No começo do quarto movimento a orquestra se dispersa-se numa chiadeira imponente... Os violoncelos – instrumentos muito próximos ao timbre da voz humana - manifestam seu descontentamento. Diante de tal protesto, a orquestra faz ouvir os primeiros compassos do primeiro movimento. Os violoncelos, uma vez mais, manifestam seu desacordo. O mesmo acontece quando a orquestra. quando a orquestra evoca o começo do segundo e terceiro movimentos. Então a orquestra sugere o tema da alegria. Aí, sim, os violoncelos mostram sua aprovação. E são eles mesmo quem, em uníssono e pianíssimo, tocam o tema completo. O resto da orquestra mantêm-se em escuta. Ao terminar o tema, várias famílias de instrumentos entram em cena com os violoncelos –que repetem o tema – e tecem um contraponto belíssimo, que nos faz pensar na beleza da vinculação interpessoal. Quando conclui o tema agregam-se novos instrumentos para indicar que se incrementa a unidade entre os homens e, ao final, a orquestra completa interpreta o tema de forma homofônica e grandiosa. Seguem-se uns momentos de euforia na orquestra. Quem ouve, tem a impressão de que a alegria que produz esta primeira experiência de unidade faz-se transbordante e a orquestra parece explodir de alegria. Mas a humanidade costuma retomar suas trilhas, e a orquestra manifesta isto repetindo a chiadeira do começo. Diante desta recaída na divergência, Beethoven quer deixar bem claro a mensagem que havia deixado pressentir e apresenta-se pela primeira vez na sinfonia a voz humana. Um barítono exclama com voz potente: “Oh freunde, nicht diese Töne, sondern lasst uns angenehmere, und freundvollere” (Oh amigos, estes tons não: deixem-nos ouvir outros mais agradáveis e alegres. Estes dois versos foram escritos pelo próprio Beethoven como prelúdio à Ode à Alegria de Schiller, que é cantada a seguir e culmina numa passagem sublime que termina com estas palavras (Irmãos, por cima das nuvens tem que habitar um pai amoroso).

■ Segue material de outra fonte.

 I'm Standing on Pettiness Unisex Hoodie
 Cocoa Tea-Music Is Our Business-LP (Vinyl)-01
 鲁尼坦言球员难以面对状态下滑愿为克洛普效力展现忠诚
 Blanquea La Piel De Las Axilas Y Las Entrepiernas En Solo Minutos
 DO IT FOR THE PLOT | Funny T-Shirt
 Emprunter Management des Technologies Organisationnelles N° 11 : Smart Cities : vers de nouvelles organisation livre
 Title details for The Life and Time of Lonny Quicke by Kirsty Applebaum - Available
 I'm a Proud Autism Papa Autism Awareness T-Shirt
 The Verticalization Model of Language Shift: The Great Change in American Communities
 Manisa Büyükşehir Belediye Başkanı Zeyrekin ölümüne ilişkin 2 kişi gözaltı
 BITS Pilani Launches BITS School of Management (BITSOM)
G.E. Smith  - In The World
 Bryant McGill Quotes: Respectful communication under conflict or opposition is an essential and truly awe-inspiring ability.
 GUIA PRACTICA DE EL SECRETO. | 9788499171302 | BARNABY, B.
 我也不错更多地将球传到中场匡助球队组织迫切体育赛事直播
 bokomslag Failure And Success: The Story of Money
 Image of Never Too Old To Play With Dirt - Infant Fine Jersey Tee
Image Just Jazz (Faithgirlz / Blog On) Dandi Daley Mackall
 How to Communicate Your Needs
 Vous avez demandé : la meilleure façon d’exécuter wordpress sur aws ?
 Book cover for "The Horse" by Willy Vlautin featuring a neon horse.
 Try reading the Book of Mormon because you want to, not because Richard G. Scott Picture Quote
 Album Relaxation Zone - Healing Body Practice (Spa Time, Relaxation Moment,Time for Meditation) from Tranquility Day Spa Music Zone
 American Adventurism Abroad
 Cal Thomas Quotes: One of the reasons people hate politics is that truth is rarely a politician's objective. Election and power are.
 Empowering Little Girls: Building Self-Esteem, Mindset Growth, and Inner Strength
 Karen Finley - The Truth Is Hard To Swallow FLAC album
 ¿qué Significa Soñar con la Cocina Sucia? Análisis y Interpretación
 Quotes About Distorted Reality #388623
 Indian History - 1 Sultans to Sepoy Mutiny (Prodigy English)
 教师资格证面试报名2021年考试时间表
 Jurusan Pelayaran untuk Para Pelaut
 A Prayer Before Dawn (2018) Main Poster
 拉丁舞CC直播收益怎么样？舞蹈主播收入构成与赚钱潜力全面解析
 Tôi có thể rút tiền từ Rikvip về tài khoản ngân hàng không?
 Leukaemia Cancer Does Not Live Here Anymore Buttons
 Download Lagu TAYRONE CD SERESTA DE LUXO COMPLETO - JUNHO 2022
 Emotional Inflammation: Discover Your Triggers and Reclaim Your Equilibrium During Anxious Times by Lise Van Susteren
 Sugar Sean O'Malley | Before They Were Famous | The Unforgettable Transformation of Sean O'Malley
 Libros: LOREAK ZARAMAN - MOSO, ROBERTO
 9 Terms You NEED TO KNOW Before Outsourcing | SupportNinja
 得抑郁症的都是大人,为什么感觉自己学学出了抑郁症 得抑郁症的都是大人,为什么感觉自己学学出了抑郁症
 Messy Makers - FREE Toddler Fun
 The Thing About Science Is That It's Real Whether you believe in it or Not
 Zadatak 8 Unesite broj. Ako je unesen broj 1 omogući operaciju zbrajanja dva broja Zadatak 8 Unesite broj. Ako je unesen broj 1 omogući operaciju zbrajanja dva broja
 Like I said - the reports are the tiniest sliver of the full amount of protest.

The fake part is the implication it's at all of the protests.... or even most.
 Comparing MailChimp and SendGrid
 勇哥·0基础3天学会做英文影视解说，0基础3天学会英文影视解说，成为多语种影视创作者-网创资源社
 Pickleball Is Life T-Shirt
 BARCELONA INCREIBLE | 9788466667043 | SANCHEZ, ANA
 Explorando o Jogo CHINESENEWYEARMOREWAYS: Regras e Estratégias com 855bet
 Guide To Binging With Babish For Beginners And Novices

A segunda tarefa cumpriu-se com a realização da Missa Solene. Já em plena maturidade, quando viu-se reduzido a um estado de ruína humana – completamente surdo, o que é uma tragédia para um musico de grande talento: quase cego, fracassado economicamente e muito debilitado em sua saúde – Beethoven, mesmo tendo um caráter muito forte, não se rebelou contra a Providência: retirou-se em uma aldeia na fronteira austro-húngara para compor “um hino de louvor e agradecimento ao Supremo Criador”, conforme suas palavras. O fruto deste retiro foi uma das maiores obras da arte universal, a Grande Missa em Ré maior.

Beethoven nunca viveu a arte como diversão, ou como meio para ganhar prestígio ou bens materiais. Sua atividade artística foi em todos momentos o vínculo vivo da sua pessoa para com os outros seres humanos e com o Ser Supremo, “Ah, parecia-me impossível deixar o mundo antes de produzir tudo aquilo para o que me sentia dotado – escreve no testamento.